Priorisierungskriterium Impfstatus

Hallo liebes Lageforum, liebes Lageteam,

mich interessiert, seit in Bayern und Sachsen die Intensivstationen überlaufen, das Thema der Priorisierung von Patienten für Intensiv. Von Seiten der Mediziner kommt immer die klare Aussage (z.B. NDR Corona Update mit Christian Karagiannidis) dass der Impfstatus bei der Priorisierung von Patienten keine Rolle spielt. Politisch hört man darüber eigentlich nichts, bis auf die üblichen Ausreißer wie Boris Palmer.

Ich finde es merkwürdig, dass dieses Thema nicht ernsthaft diskutiert wird (zumindest in meiner Bubble), sondern wenn es aufkommt mit der Argument der „Humanität“ vom Tisch gewischt wird. Das ist mir in einer Situation, in der leider zunehmen entschieden werden muss, welchen Patienten ich leider gerade nicht optimal / (recht)zeitig versorgen kann, ein bisschen einfach.

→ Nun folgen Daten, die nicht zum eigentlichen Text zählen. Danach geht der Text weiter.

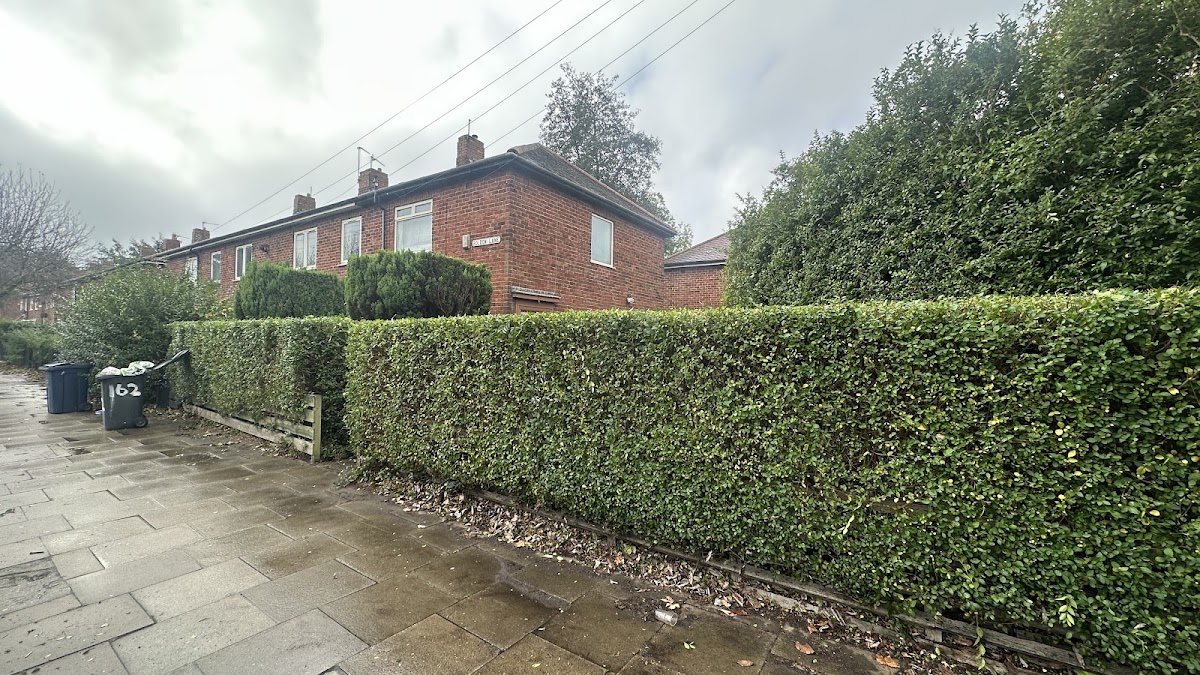 Neatly cut and shaped hedge running along a garden boundary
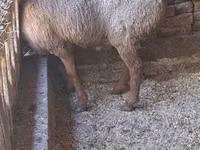 Widder, Schafe — Foto 4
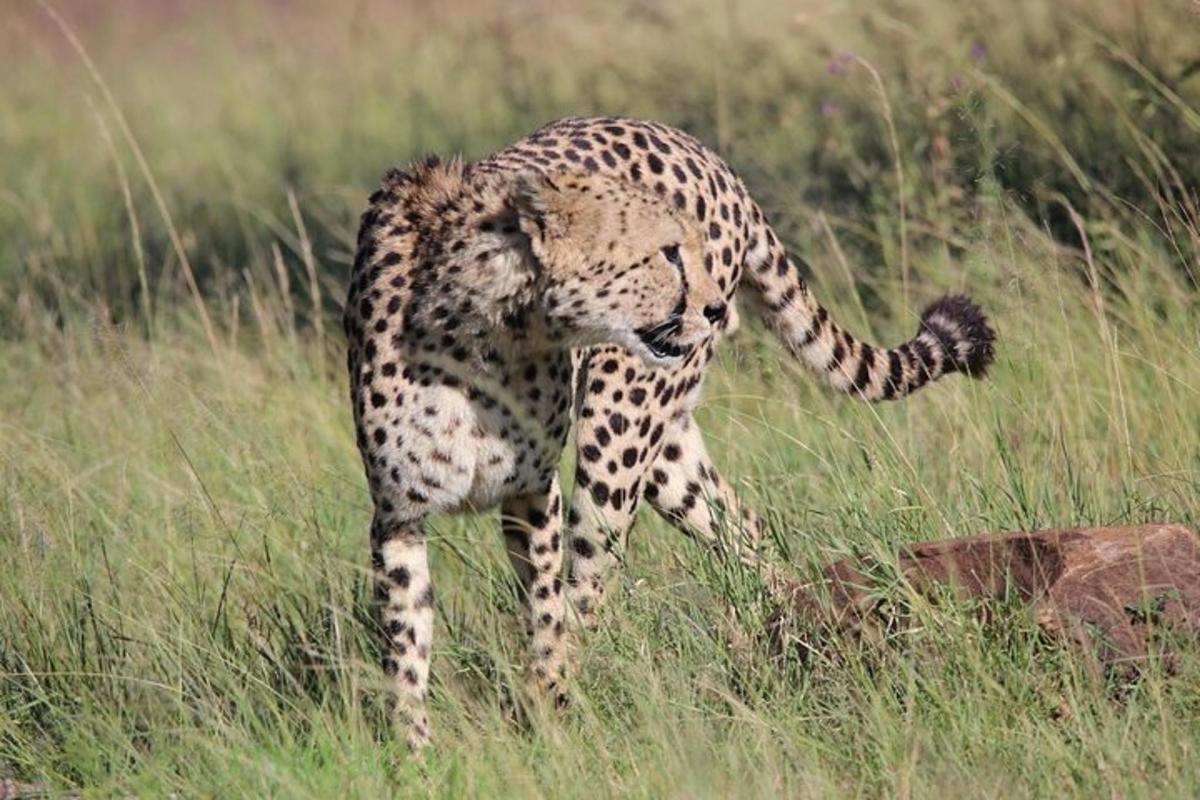 gepard, ki hodi po polju visoke trave
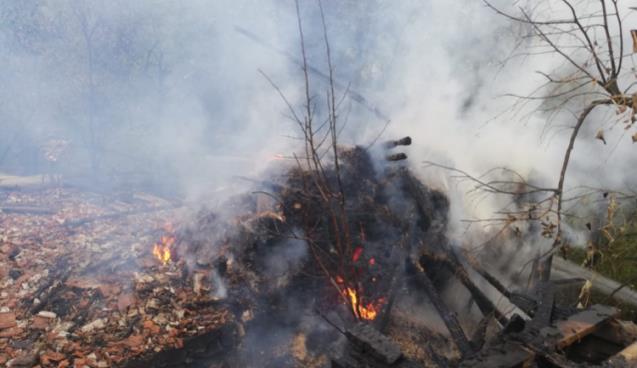 Alevlere teslim olan samanlık kül oldu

Man mag nun argumentieren, dass man ja auch Raucherinnen mit Lungenkrebs, Basejumperinnen mit schweren Verletzungen und überdosierte drogensüchtige Menschen behandelt. Das ist richtig, diese Gruppen haben uns allerdings bisher nicht in die Situation der Katastrophenmedizin geführt.

Eine gewisse Parallele sehe ich in der Transplantationsmedizin, ein Bereich in dem der Mangel an transplantierbaren Organen ja ständig ein Problem darstellt. Die persönliche Lebensführung, wie Alkoholkonsum zum Beispiel, kann hier zu einer niedrigeren Priorisierung führen.

Ich würde mich daher eure Ansichten dazu freuen, warum der Impfstatus für eine Priorisierungsentscheidung nicht taugt.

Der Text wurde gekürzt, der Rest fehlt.